*** Begin section ***

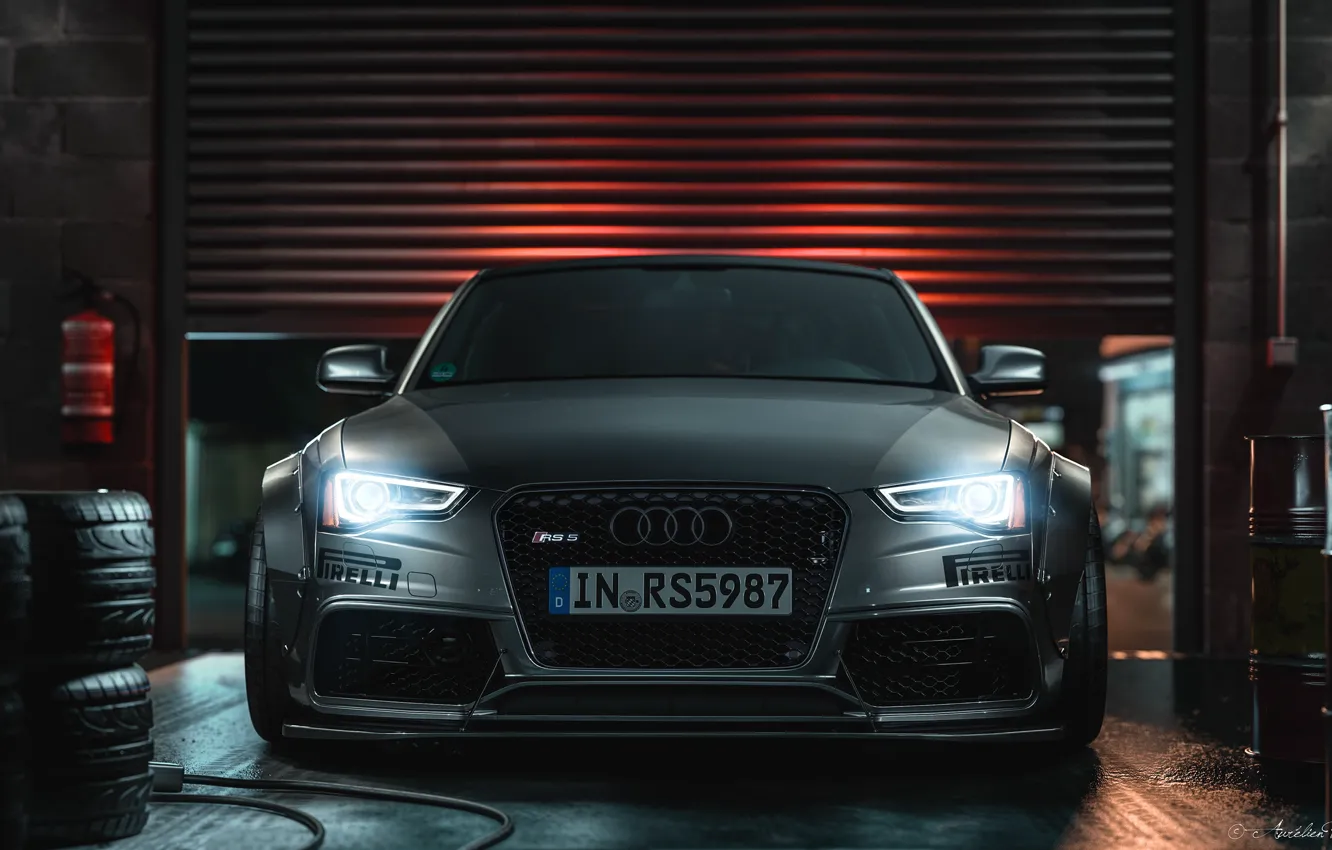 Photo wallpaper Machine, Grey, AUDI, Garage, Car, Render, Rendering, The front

*** End section ***
*** Begin section ***

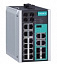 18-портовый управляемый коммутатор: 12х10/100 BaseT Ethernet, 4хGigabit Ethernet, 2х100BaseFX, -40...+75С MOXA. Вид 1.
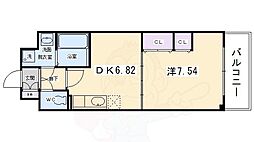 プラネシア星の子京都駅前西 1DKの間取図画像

*** End section ***
*** Begin section ***

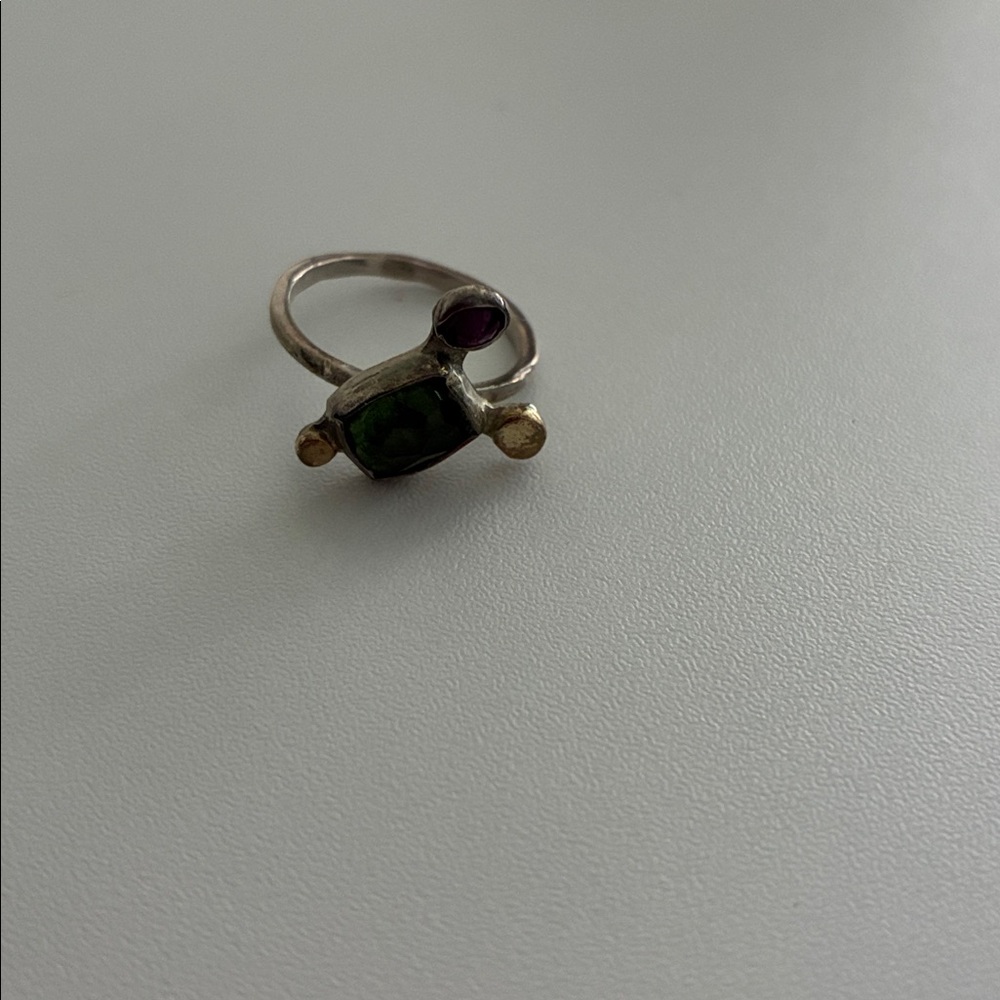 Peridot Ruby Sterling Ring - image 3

*** End section ***

YOUR ASSIGNMENT: Transcribe, exactly and without pictures, everything in the data from the line with "18-портовый управляемый коммутатор: 12х10/100" down to the line with "プラネシア星の子京都駅前西 1DKの間取図画像", both included.

FINAL ANSWER:
 18-портовый управляемый коммутатор: 12х10/100 BaseT Ethernet, 4хGigabit Ethernet, 2х100BaseFX, -40...+75С MOXA. Вид 1.
 プラネシア星の子京都駅前西 1DKの間取図画像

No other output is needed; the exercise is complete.